Terminology change: these are now "queries", not "canned queries". Legacy code and documentation can mention the old name only when describing compatibility or migration.
Decisions so far
- Internal table name:
queries. - Query definitions should use real columns, not a JSON blob for all options.
- Query parameter names live in a
parameterstext column as a JSON array. No default values for parameters in this pass. - No separate index is needed for the privacy/trust flags yet.
- User-created queries require
execute-sqlandinsert-queryon the database. They default to private, and writable queries additionally require matching table write permissions discovered byDatabase.analyze_sql(). - Configured queries default to trusted, which means actors who can view them can execute them without also holding
execute-sqlor the relevant write permissions.
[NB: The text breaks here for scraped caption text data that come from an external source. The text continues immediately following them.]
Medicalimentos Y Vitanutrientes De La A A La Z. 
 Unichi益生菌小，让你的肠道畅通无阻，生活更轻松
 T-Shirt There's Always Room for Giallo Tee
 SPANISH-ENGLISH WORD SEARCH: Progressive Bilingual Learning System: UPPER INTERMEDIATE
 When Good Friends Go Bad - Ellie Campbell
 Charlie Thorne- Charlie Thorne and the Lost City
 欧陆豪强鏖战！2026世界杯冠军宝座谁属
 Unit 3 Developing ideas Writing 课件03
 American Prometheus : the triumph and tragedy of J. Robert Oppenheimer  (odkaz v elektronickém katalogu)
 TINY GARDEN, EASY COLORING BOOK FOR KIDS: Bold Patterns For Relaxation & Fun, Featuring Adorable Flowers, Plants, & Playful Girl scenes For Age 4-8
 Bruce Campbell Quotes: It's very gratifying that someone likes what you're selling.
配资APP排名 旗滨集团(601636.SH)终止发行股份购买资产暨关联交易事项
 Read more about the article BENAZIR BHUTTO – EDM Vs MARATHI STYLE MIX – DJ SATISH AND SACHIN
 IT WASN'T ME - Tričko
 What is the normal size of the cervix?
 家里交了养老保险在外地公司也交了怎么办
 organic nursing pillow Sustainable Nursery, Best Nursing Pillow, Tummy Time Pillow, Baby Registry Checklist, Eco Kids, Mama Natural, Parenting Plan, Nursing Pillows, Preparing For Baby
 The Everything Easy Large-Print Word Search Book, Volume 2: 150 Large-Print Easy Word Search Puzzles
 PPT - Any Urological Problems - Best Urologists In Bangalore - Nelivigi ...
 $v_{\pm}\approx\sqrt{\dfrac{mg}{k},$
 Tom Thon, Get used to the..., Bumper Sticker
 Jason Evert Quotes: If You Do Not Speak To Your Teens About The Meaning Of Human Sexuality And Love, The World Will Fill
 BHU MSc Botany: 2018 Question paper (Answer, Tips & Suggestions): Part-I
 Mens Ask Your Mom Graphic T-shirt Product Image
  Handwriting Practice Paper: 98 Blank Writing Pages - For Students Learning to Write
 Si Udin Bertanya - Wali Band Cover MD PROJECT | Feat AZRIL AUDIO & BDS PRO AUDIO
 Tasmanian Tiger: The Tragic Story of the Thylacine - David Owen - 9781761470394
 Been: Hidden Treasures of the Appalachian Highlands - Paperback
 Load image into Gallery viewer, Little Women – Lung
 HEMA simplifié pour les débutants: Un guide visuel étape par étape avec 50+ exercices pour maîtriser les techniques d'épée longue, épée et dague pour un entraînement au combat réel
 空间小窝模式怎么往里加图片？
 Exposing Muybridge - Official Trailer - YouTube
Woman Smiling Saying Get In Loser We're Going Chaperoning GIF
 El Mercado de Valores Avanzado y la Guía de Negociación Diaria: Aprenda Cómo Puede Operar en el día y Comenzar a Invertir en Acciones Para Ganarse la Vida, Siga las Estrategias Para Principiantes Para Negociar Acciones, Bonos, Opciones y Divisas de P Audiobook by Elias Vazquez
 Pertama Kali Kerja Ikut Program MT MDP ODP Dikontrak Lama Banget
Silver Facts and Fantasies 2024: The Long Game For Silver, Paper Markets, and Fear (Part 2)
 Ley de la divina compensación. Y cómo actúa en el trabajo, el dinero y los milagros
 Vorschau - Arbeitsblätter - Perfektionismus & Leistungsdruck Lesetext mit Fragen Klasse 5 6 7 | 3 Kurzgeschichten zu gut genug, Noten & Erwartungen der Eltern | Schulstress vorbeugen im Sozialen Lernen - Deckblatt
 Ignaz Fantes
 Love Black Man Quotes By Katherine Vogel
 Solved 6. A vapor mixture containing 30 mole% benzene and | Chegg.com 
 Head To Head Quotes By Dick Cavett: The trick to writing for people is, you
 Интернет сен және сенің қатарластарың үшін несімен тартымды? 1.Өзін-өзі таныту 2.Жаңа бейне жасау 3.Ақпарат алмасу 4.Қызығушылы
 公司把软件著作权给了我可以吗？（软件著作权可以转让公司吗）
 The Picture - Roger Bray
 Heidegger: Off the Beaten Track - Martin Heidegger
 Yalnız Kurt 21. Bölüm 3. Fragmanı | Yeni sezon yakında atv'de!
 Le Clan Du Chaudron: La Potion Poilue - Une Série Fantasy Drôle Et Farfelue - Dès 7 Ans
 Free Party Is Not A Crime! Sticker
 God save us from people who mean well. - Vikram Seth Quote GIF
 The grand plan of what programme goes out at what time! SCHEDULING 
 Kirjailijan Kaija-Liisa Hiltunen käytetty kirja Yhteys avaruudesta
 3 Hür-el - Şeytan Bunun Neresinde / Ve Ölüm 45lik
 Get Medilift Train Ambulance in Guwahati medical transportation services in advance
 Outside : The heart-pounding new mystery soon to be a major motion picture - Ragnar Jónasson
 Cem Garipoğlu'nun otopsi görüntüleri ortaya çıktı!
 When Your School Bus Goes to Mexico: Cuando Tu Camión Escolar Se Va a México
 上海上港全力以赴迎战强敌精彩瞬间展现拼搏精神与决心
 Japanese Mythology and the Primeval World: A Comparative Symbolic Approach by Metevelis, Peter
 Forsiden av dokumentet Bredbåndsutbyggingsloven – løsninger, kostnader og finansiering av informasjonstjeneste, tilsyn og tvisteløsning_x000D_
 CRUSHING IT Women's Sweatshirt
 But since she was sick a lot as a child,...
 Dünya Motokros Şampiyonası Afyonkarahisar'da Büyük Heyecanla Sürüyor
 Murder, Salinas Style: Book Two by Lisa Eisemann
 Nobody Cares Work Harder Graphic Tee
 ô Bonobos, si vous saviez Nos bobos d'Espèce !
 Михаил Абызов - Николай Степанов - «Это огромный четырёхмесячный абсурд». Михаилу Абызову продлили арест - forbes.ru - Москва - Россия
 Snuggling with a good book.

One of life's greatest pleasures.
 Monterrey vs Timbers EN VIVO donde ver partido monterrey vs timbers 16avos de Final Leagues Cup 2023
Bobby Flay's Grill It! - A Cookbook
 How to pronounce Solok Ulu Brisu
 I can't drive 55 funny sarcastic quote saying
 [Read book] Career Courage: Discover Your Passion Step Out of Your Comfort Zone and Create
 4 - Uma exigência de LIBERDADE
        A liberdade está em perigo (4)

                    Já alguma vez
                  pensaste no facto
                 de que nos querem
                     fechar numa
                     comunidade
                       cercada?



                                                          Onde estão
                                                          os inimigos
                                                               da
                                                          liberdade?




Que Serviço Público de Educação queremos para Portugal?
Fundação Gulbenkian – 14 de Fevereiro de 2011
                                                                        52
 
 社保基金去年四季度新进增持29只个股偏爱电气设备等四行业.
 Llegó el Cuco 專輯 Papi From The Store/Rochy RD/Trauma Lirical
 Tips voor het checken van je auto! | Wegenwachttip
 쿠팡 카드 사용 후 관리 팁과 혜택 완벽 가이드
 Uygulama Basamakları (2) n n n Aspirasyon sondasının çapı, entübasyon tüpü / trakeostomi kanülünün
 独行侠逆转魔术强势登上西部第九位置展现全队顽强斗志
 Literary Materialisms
Config can opt out withis_trusted: false. - Add
update-queryanddelete-query, so administrators can manage queries created by other users. - Remove the old
canned_queries()hook from core. If we want compatibility later, build a separatedatasette-old-canned-queriesplugin. - Writable user-created queries can be supported using
Database.analyze_sql(), provided we fail closed when analysis cannot prove the required permissions.
Current shape
- Query definitions currently come from
datasette.yamlor thecanned_queries()plugin hook. Datasette.get_canned_queries(database_name, actor)calls that hook every time it needs query definitions.QueryResource.resources_sql()currently enumerates databases and calls the hook for each one, because permissions and/-/jumpneed query resources.- Query pages are visible if the actor has
view-queryforQueryResource(database, query). Executing an untrusted stored query also checksexecute-sqlor the relevant write permissions. - Arbitrary SQL executes if the actor has
execute-sqlforDatabaseResource(database).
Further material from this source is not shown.